Saturday, 9 January 2010
Britain faces its toughest spending cuts for 20 years
(If someone thinks that I 'sound' like the BNP or UKIP, I made up my mind long ago that I would never vote for the British National Party as I believed that it was anti-Semitic, homophobic and socialist. My reasons for being thus concerned were and are that I admire the Jewish people who have suffered so much and I am basically pro-Israel; that, having had a relative jailed for practising homosexuality - in the hypocritical times when Benjamin Britten and Peter Pears were known by the establishment to be doing the same thing - and knowing other people who are extremely derogatory towards anyone thought to be homosexual, I disapprove of homophobes; and that I have always been opposed to old-style Socialism. So far as UKIP is concerned, I am pleased that Great Britain is a member of the European Union - though not, thank goodness, using the Euro common currency that will, I believe, soon collapse - and I am also pleased that we are so closely allied and tied to most of the rest of the nation states on the continent. However, I do not look to a 'United States of Europe' and I still believe that we British are entitled to secede from the E.U. if and when we should want to. An analogy in history is the belief - which I share - that was held by the Southern States of America prior to the awful 'Civil War' of 1861 - 1865. Those Southern States held that the then Constitution gave them the right to secede from the then United States of America and their view was held by many Northerners as well. When Secession actually came, Abraham Lincoln called an enormous army into the field to defeat the secessionists. By then, it was too late for the Constitution to be upheld and great suffering followed. If I were to become convinced that our European friends were moving towards the opinion that nation states could never be permitted to secede from the E.U., I would be with UKIP immediately. In the meantime, I hope and pray that we can all co-operate peacefully and economically and that European civilisation and culture can continue to be enjoyed for many more peaceful decades and centuries).

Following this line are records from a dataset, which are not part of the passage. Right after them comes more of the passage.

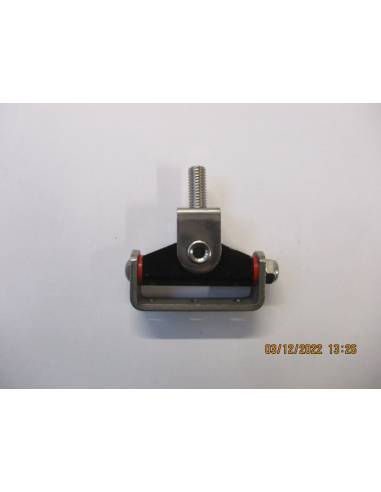 Articulacion para patin rosca 10mm base 70mm
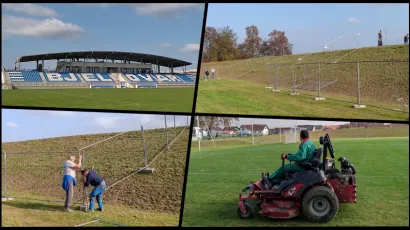 U tijeku su posljednje pripreme za dolazak splitskih Bilih/ Foto: Deni Marčinković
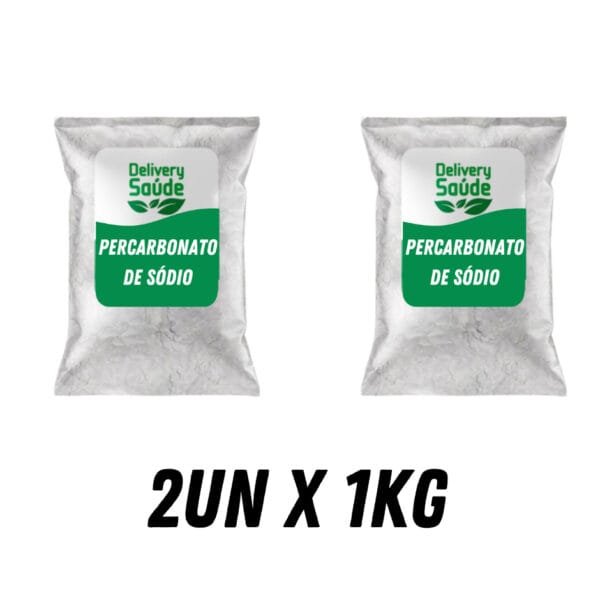 Percarbonato de sódio 100% Puro para limpeza em geral, clareador de roupas - 500g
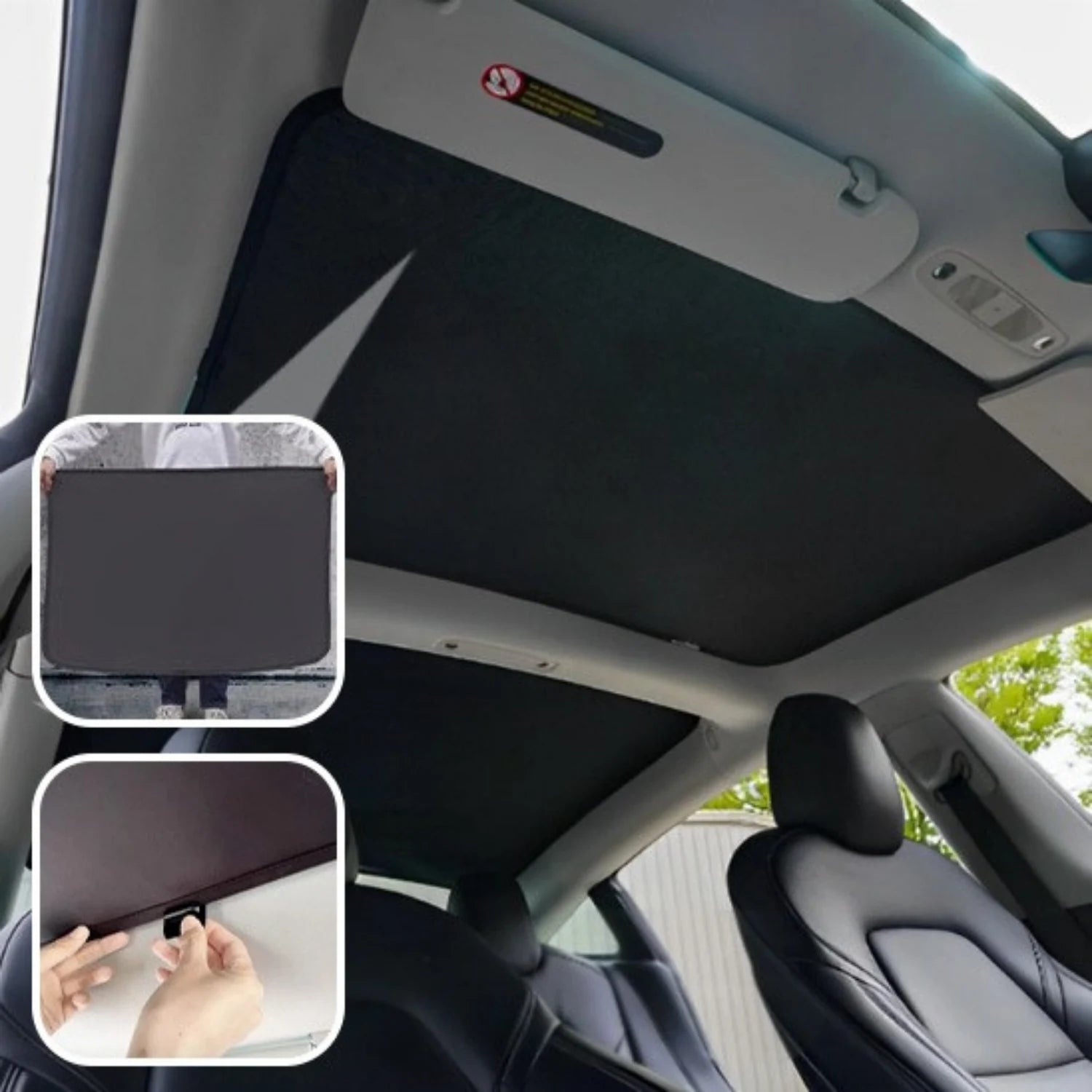 pare soleil toit tesla pratique ShadeX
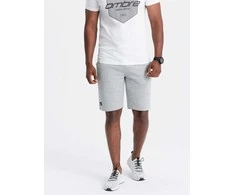 Ombre Clothing Trumpos vyriškos kelnės ombre drabužiams pilkos spalvos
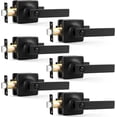 thumbnail image 1 of Matte Door Handles Passage Door Handles Interior Door Handles NonLocking Lever Set [for Hallway or Closet Doors] Reversible for Right/Left Sided Doors, 1 of 8
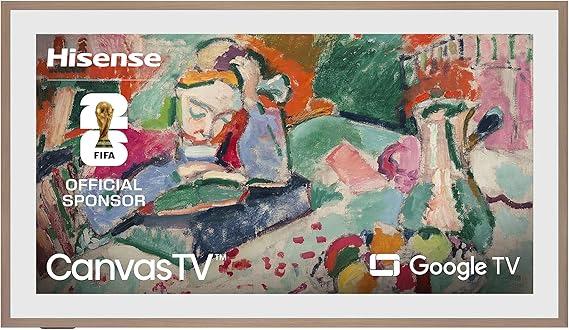 Hisense 75-Inch Class QLED 4K S7N CanvasTV Series Dolby Vision HDR Google Smart TV (75S7N) - 144Hz, Art Mode, Anti-Glare Panel, Hi-Matte Display, UltraSlim Wall Mount & Frame Included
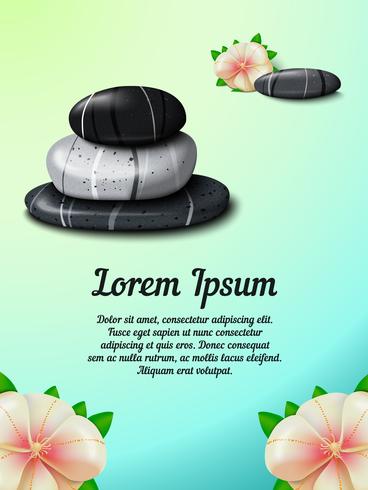 Spa invitation card or flyer vector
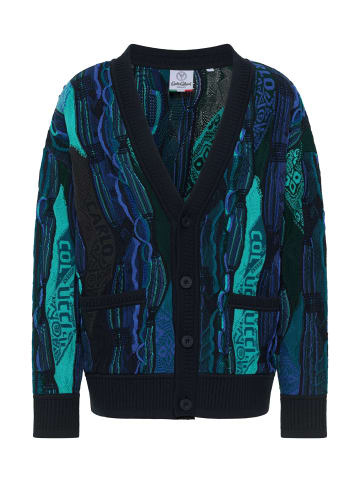 Carlo Colucci Cardigan Erlacher in Navy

This - the words of Darling, Osborne and Cable - is all proof of what I have been saying for some time, namely, that there is little visible difference between the major parties on economic affairs, foreign affairs and the most important of home affairs, and that voting at the election may be decided by social and moral issues. I believe that Labour has an edge in this respect.
Indeed, under Tony Blair's leadership, the class warfare of old took a back seat. Also under Labour, civil partnerships were made lawful and have become accepted. Labour members, with notable assistance from some Conservatives such as Ann Widdecombe, ensured the passing of the anti-hunting Act, outlawing the awful and abominable 'sport' of hare coursing. These reforms would not have been feasible under Margaret Thatcher or John Major, but they are greatly to Labour's credit.
However, many in South East Cambridgeshire will not want to vote Labour, either for other reasons or because Labour is a lost cause here.
So, the choice here this year is 'no choice' as between the major parties. We now need independent voices to speak for the people and to be unwhipped by 'the party line.' We need MPs who will listen, take advice, think things through for themselves and make up their own minds on important issues of the day, and who will act and vote accordingly, hopefully in the best interests of the people, locally and nationally.
If I am a candidate (the appearance of a rosette on this blog posting has no immediate meaning: I am just checking to see how it looks) and if I am elected, much of what is written above will guide what I say and do in the new House of Commons.